Another very important feature of ONI’s work is that of lobbying local government and raising the profile of optometrists amongst the general public.  ONI council members attend a large number of meetings with local government agents, civil servants, Department of Health delegates, various health care practitioners, representatives from the General Optical Council, the AOP, the College of Optometrists and our counterparts in other areas of the UK.   In doing so, we aim to learn from those that have gone before us and then to spread the message that optometrists are well placed to provide a proficient and efficient primary eyecare service. Raising the optometrist’s profile amongst the general public is all about re-education. We need to get the message across that alongside vision correction the optometrist should be the first port of call when it comes to eye health. Essentially we need to highlight the importance of regular eye examinations. As all of you (I hope) are aware, ONI ran a campaign to do this during National Eye Health week in 2015.   This was extremely successful with some anecdotal evidence of an increase in General Ophthalmic sight tests following the event which would suggest an increase in public engagement.   ONI felt that this had been a very worthwhile exercise and have planned a campaign to run at the beginning of February 2017. I am currently exploring how best the outcomes of this campaign could be measured so I may need your help to complete a short survey in the near future.

So, how are things changing with optometry in Northern Ireland? To date, the majority of optometrists are signed up to LES I, with the HSCB reporting success of this scheme with a reduction in patients attending secondary care. Moving on from this, LES II has now been established with a growing number of practitioners engaged in the scheme and more practitioners coming on board with the training and accreditation. During the past 18 to 24 months a number of optometrists have taken part in the SPEARS pilot and within this time more practitioners have joined resulting in complete coverage within the Southern Board.
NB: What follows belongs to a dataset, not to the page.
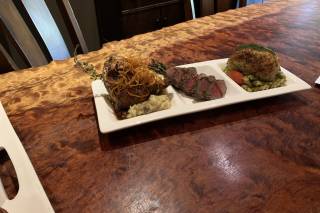 Endive Fine Catering - 12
This has resulted in an extremely successful scheme – something we all would like to be part of! If funding can be secured, it is hope that this can be rolled out throughout Northern Ireland. Alongside this, there is also evidence of more practitioners becoming IP qualified.

It is hearting to see large numbers of practitioners wanting to become accredited in various specialized areas whether for continued professional development or in order to facilitate inclusion in a specific scheme.   So, taking this all into consideration, ONI are well placed to ensure that practitioners make good use of their skills and that they are properly remunerated.

I would encourage you to take an interest in and challenge the work we do if you are already a Levy payer and if not then please consider joining the Levy – we want to represent all practitioners in Northern Ireland and in doing so we will have much greater negotiating strength.




Dr Karen Breslin PhD MCOptom.

About Optometry Northern Ireland

Optometry Northern Ireland was established from the Negotiating committee for Northern Ireland and has representation from the main associations for optometrists and dispensing opticians in N.I. Local Optometric Committees in Northern Ireland are also represented. The reason for our formation was to present a united voice to the Northern Ireland Department of Health, politicians, media and others.